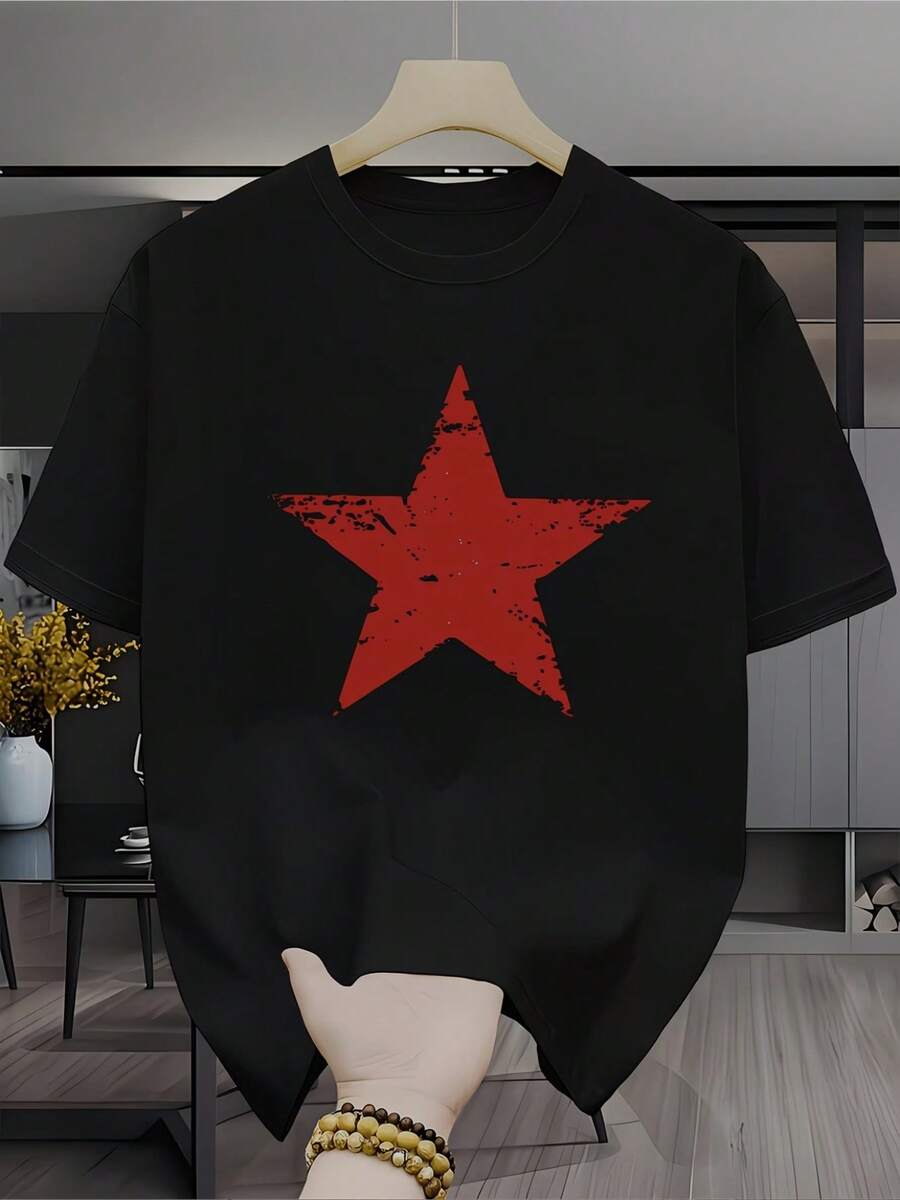 Camiseta de manga corta para hombre con estampado de estrella roja vintage, estilo urbano americano, transpirable, versátil y casual para el verano. - Negro - Ver 1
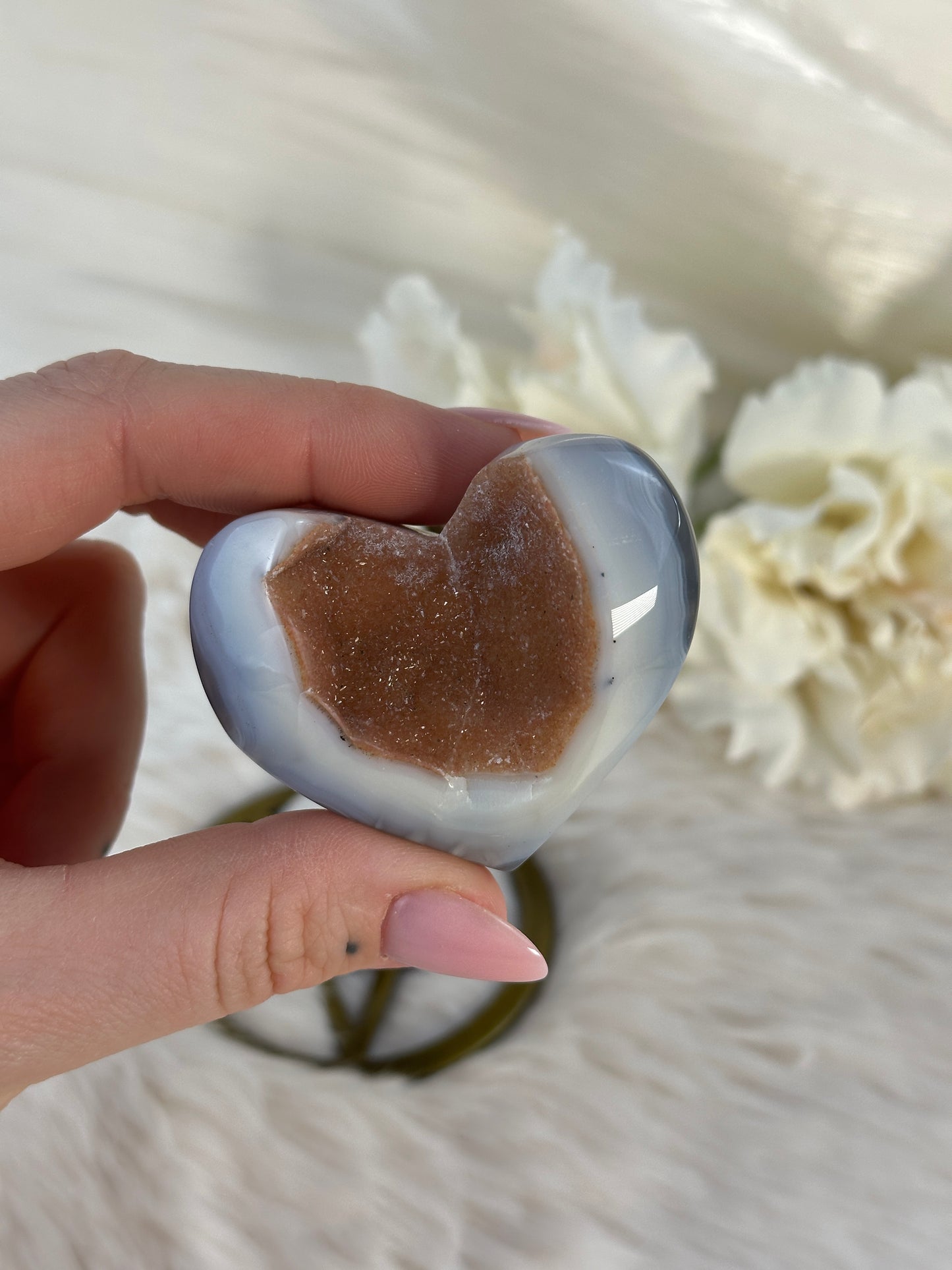 Druzy Achat Herz auf Halterung Y18,5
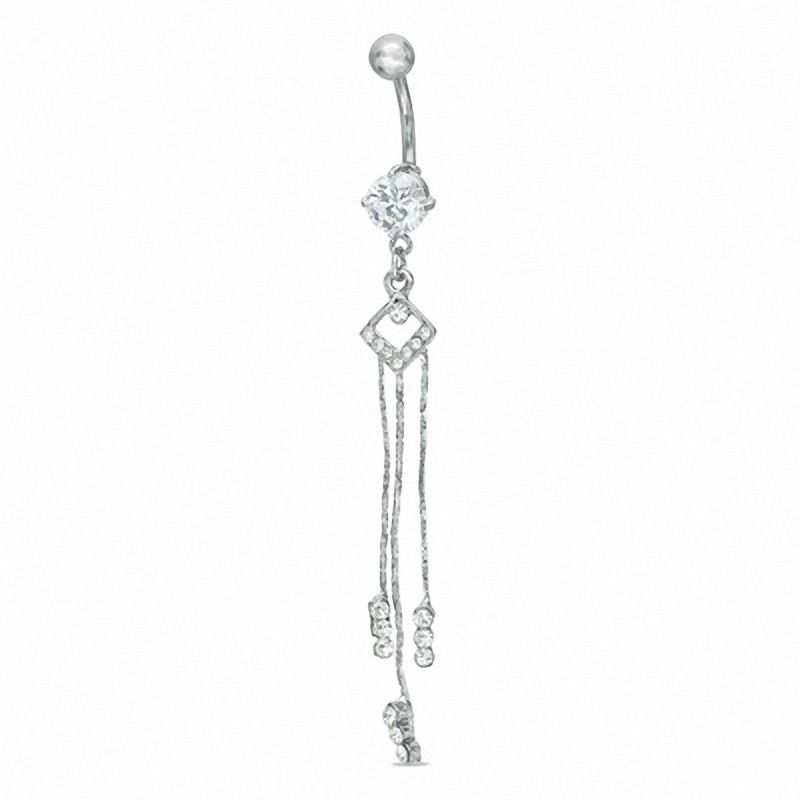 Main Image 1 of 014 Gauge Dangle Belly Button Ring with Cubic Zirconia and Crystals in Stainless Steel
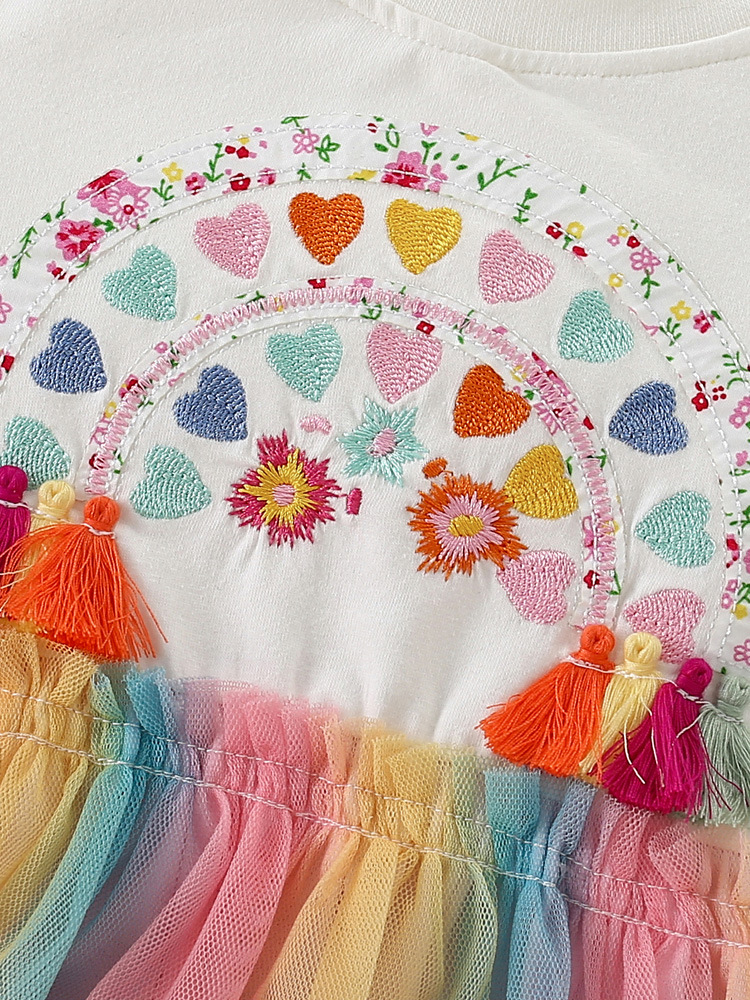 Falda de princesa para niños malwee verano nuevo estilo europeo y americano niños pequeños y medianos estilo occidental niña cuello redondo falda de manga corta para niñas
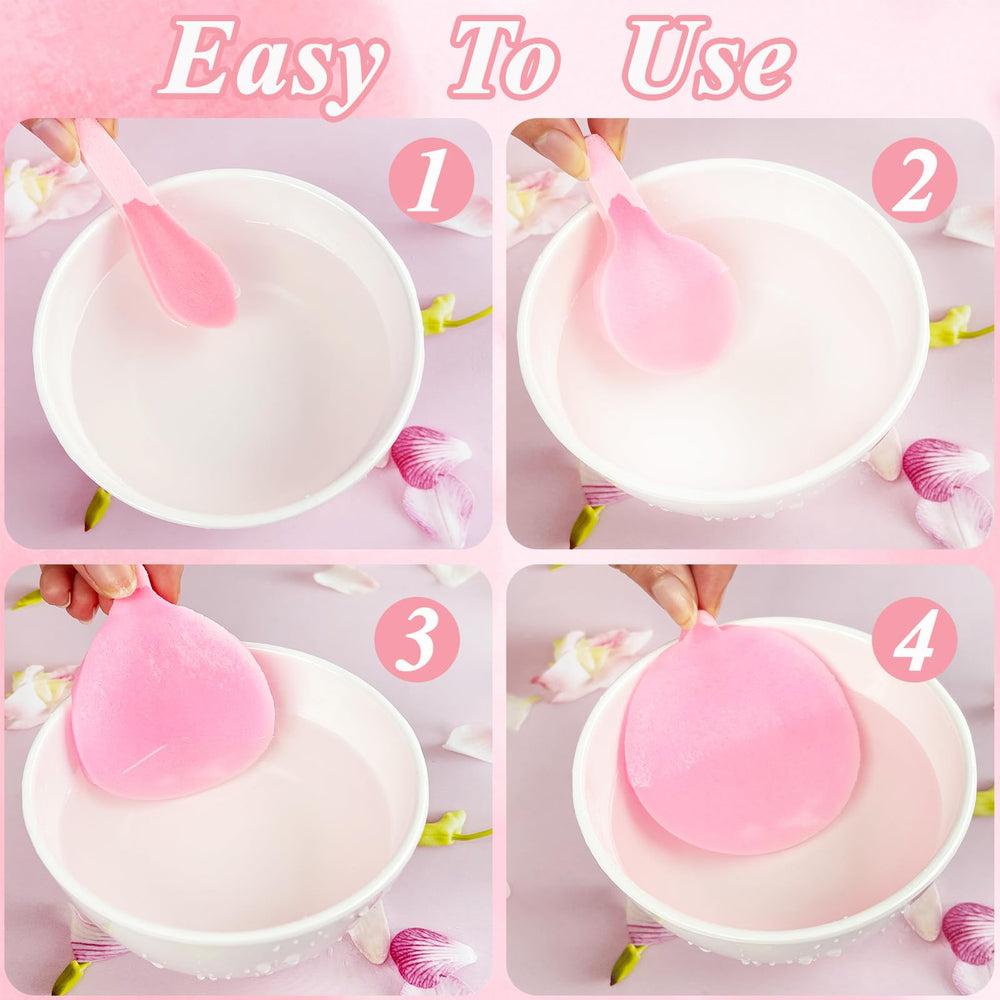 Ysanciuu pink compressed sponge expands to full-size exfoliating pad for gentle cleansing.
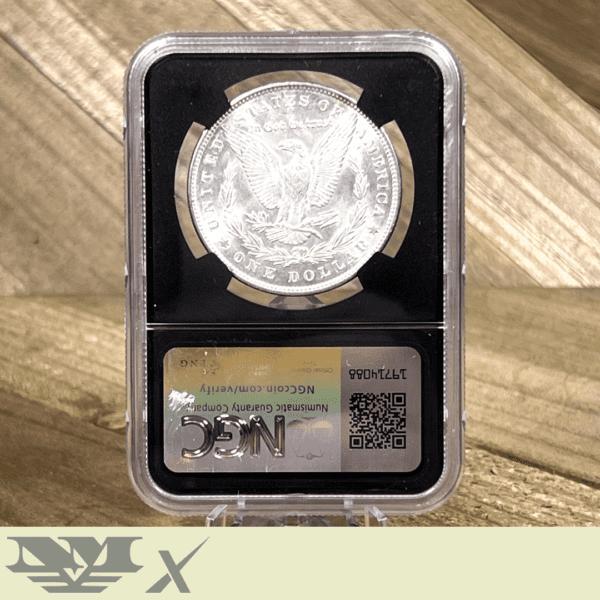 1889 Morgan Dollar silver coin Vault Box Series 4 NGC X 9.4 reverse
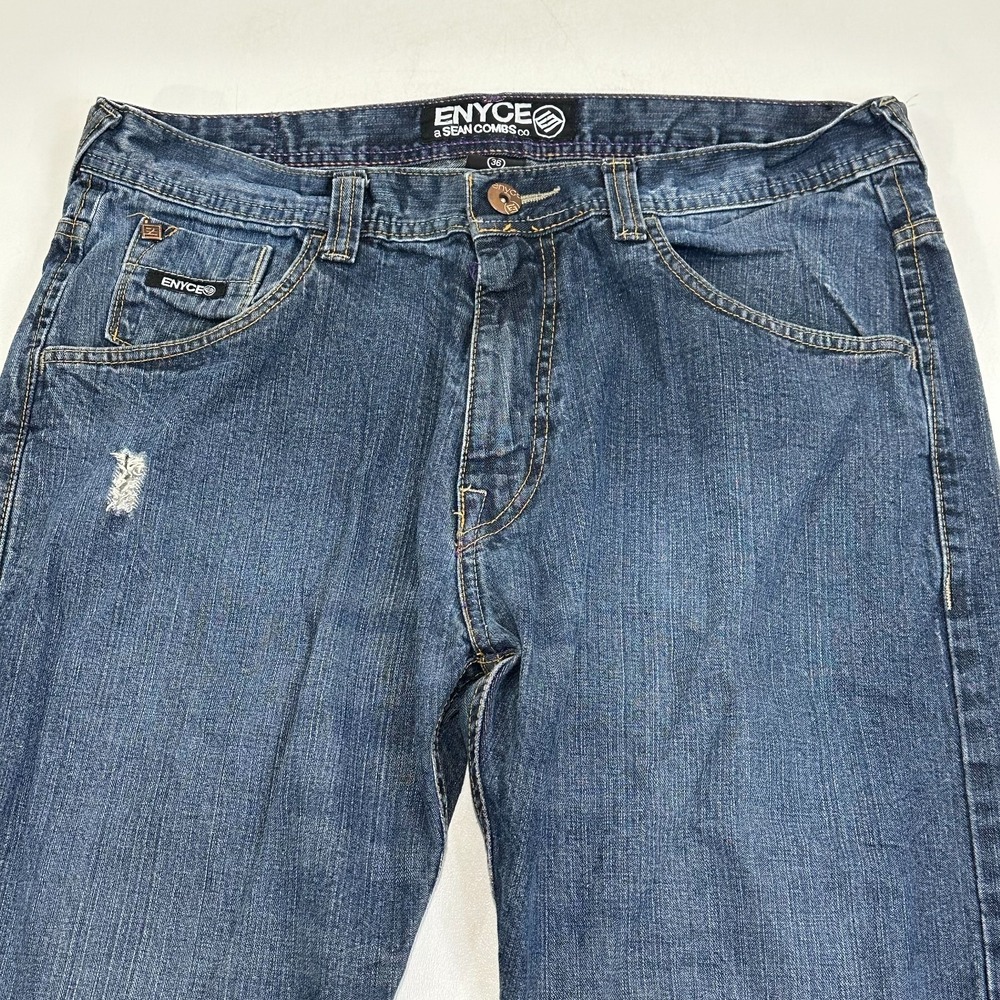 Enyce‎ Vintage Y2K Mens Blue Denim Jeans Baggy Streetwear Hip Hop Skate Pants 36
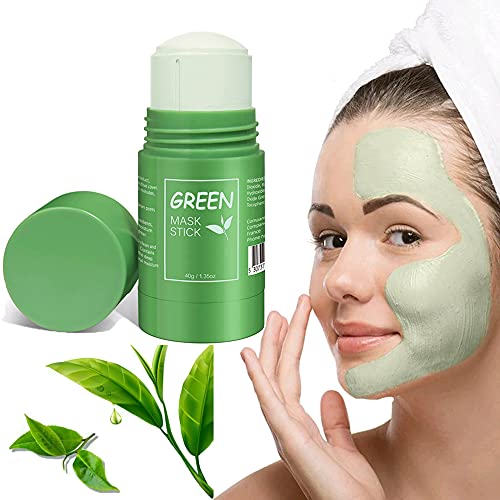 Green Tea Purifying Clay Stick - Green Tea Mask/Cleansing Facial Face Mask Moisturizes Oil Control, Deep Clean Pore for All Skin Types Men and Wo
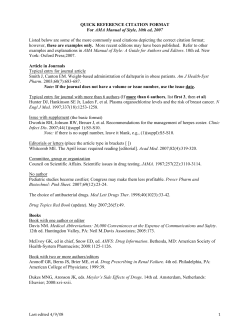 QUICK REFERENCE CITATION FORMAT For AMA Manual of Style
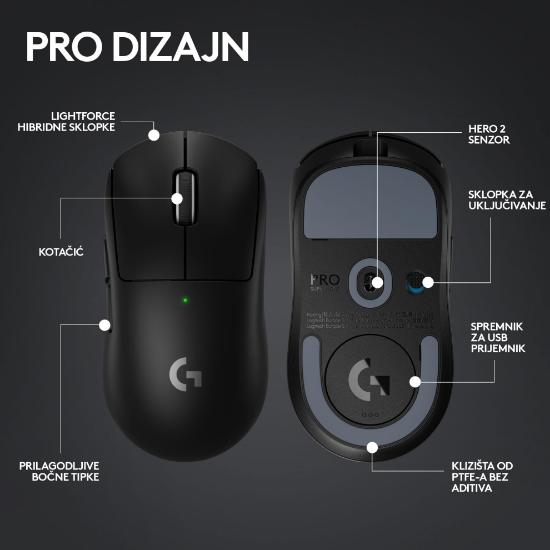 Miška LOGITECH Pro X Superlight 2, bežični, optički, 32000dpi, črni, USB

※

Without including any pictures, set down word for word every line from the one containing "Druzy Achat Herz auf Halterung Y18,5" through the last line of the material.

▶ **Output of the task**:
 Druzy Achat Herz auf Halterung Y18,5
 Main Image 1 of 014 Gauge Dangle Belly Button Ring with Cubic Zirconia and Crystals in Stainless Steel
 Falda de princesa para niños malwee verano nuevo estilo europeo y americano niños pequeños y medianos estilo occidental niña cuello redondo falda de manga corta para niñas
 Ysanciuu pink compressed sponge expands to full-size exfoliating pad for gentle cleansing.
 1889 Morgan Dollar silver coin Vault Box Series 4 NGC X 9.4 reverse
 Enyce‎ Vintage Y2K Mens Blue Denim Jeans Baggy Streetwear Hip Hop Skate Pants 36
 Green Tea Purifying Clay Stick - Green Tea Mask/Cleansing Facial Face Mask Moisturizes Oil Control, Deep Clean Pore for All Skin Types Men and Wo
 QUICK REFERENCE CITATION FORMAT For AMA Manual of Style
 Miška LOGITECH Pro X Superlight 2, bežični, optički, 32000dpi, črni, USB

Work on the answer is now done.